Post by account_disabled on Mar 10, 2024 10:48:02 GMT
Iclearly remember the emotion of the evenings in the company of the radio waiting for the latest news from overseas, chosen by a host/DJ with a broader musical culture than mine. Once upon a time the discovery of new music necessarily passed through frequency modulation waves, today it arrives via the internet, filtered by an algorithm. And, nostalgia aside, I don't mind it, on the contrary, I find it very effective and efficient. A method suitable for the sound overproduction that characterizes our time. Spotify, the platform used for audio streaming by over 320 million people, differs from its competitors precisely due to the extensive use of recommendation algorithms (but there are also playlists decided by an editorial team of experts).
The entire Artificial Intelligence system, indicated in some India Mobile Number Data documents with the nickname BaRT (Bandits for Recommendations as Treatments), has the task of making us use the platform for as long as possible. To do this, it must be able to identify exactly what we want to listen to, at any time of the day, among the 60 million songs and 2 million podcasts available. The choices of the algorithm The work of BaRT (fruit of the startup Echo Nest, acquired in 2014) materializes in the creation of the Spotify homepage, which changes over time and depending on the user. At each opening it shows different boxes/playlists created specifically for the user and ordered to stimulate our curiosity. In particular, the algorithmic playlists are: DailyMix : a maximum of 6 mixes based on the user's favorite genres. Includes songs already listened to and some suggestions.

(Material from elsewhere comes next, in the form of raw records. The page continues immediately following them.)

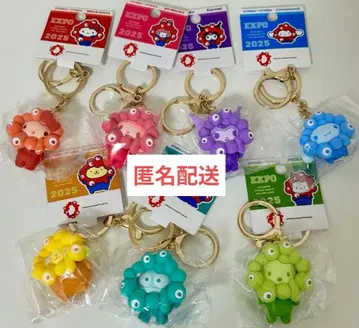 최저가 산리오 먀쿠먀쿠 최애 컬러 컴플리트 세트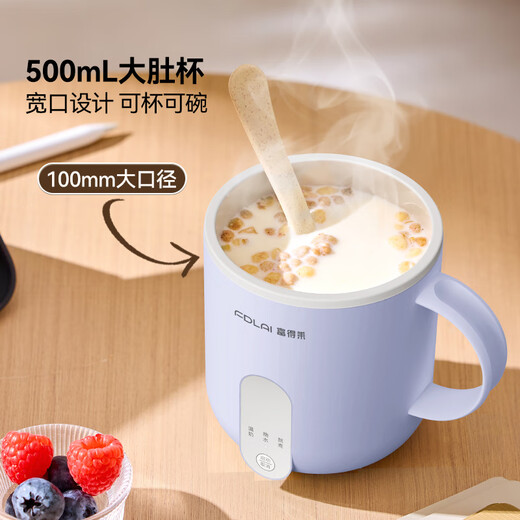Fudelai health pot with filter, heated milk cup, mini fully automatic constant temperature for one person, office stew, boiling water and tea all-in-one machine, warm cup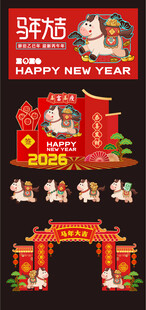 新年喜庆装饰摆件组合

They are updated frequently, if you listen to a lot of music; Release Radar : An algorithmically crafted playlist every Friday featuring newly released music; Discover Weekly : a selection of mostly old songs, but in line with the user's tastes. It comes out every Monday; On Repeat and Repeat Rewind : a list of songs that the user listens to most frequently, updated every five days; Daily Podcast : a selection of episodes that those who love this genre might like. Furthermore, the algorithm also has a hand when, at the end of a song or album chosen by the user, a song starts automatically (autoplay). But what are the techniques used by Spotify's mathematical DJ? Music analysis techniques Before any recommendation activity, the system learns to "understand" and catalog the sounds and music acquired in the catalogue, day after day.

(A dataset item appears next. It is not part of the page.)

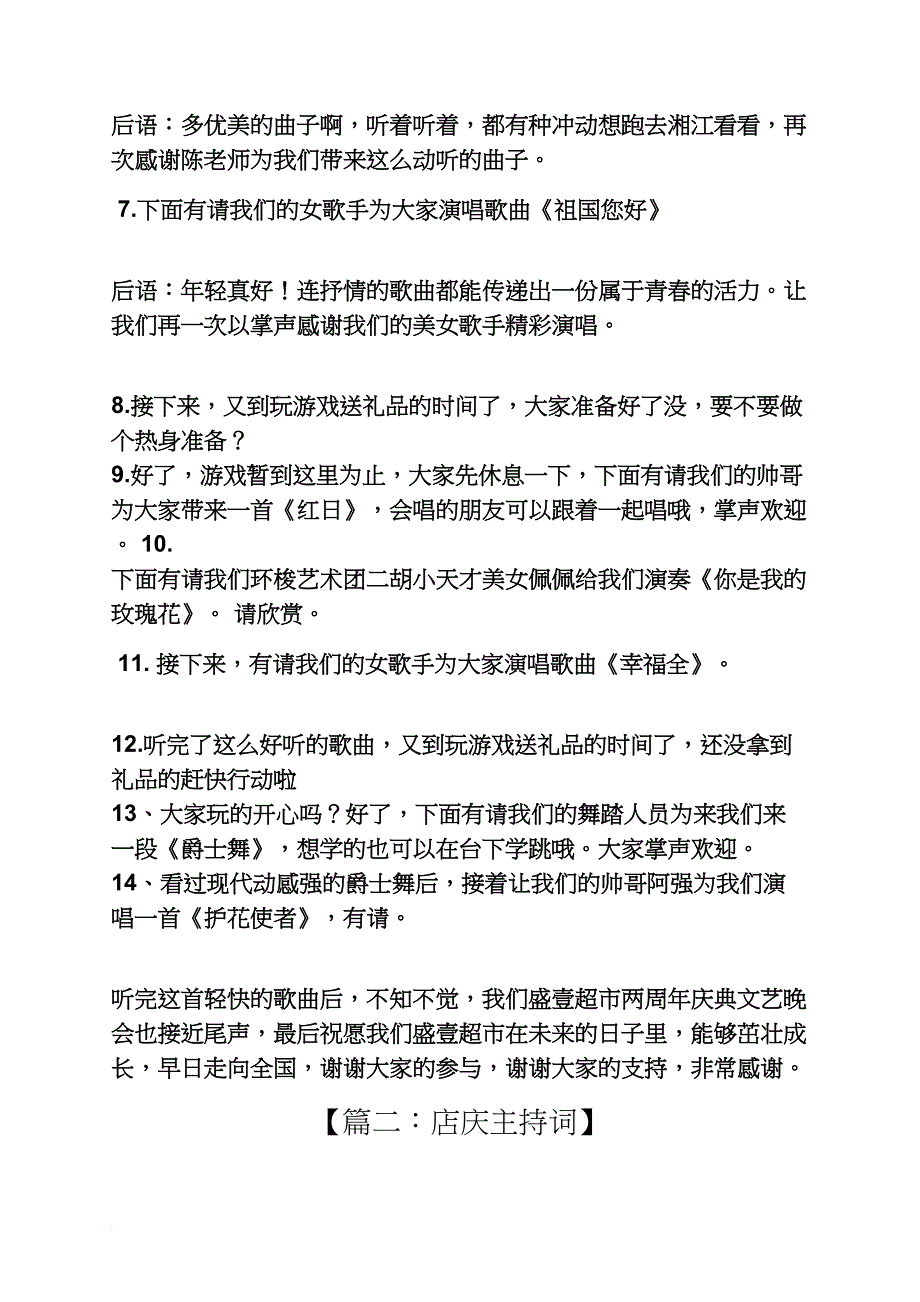 店庆主持词大全_第4页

The entire Artificial Intelligence system, indicated in some India Mobile Number Data documents with the nickname BaRT (Bandits for Recommendations as Treatments), has the task of making us use the platform for as long as possible. To do this, it must be able to identify exactly what we want to listen to, at any time of the day, among the 60 million songs and 2 million podcasts available. The choices of the algorithm The work of BaRT (fruit of the startup Echo Nest, acquired in 2014) materializes in the creation of the Spotify homepage, which changes over time and depending on the user. At each opening it shows different boxes/playlists created specifically for the user and ordered to stimulate our curiosity. In particular, the algorithmic playlists are: DailyMix : a maximum of 6 mixes based on the user's favorite genres. Includes songs already listened to and some suggestions.

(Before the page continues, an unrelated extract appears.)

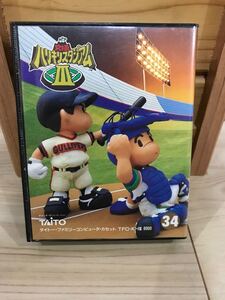 ファミコン ソフト ハリキリスタジアムIII ケース付き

They are updated frequently, if you listen to a lot of music; Release Radar : An algorithmically crafted playlist every Friday featuring newly released music; Discover Weekly : a selection of mostly old songs, but in line with the user's tastes. It comes out every Monday; On Repeat and Repeat Rewind : a list of songs that the user listens to most frequently, updated every five days; Daily Podcast : a selection of episodes that those who love this genre might like. Furthermore, the algorithm also has a hand when, at the end of a song or album chosen by the user, a song starts automatically (autoplay). But what are the techniques used by Spotify's mathematical DJ? Music analysis techniques Before any recommendation activity, the system learns to "understand" and catalog the sounds and music acquired in the catalogue, day after day.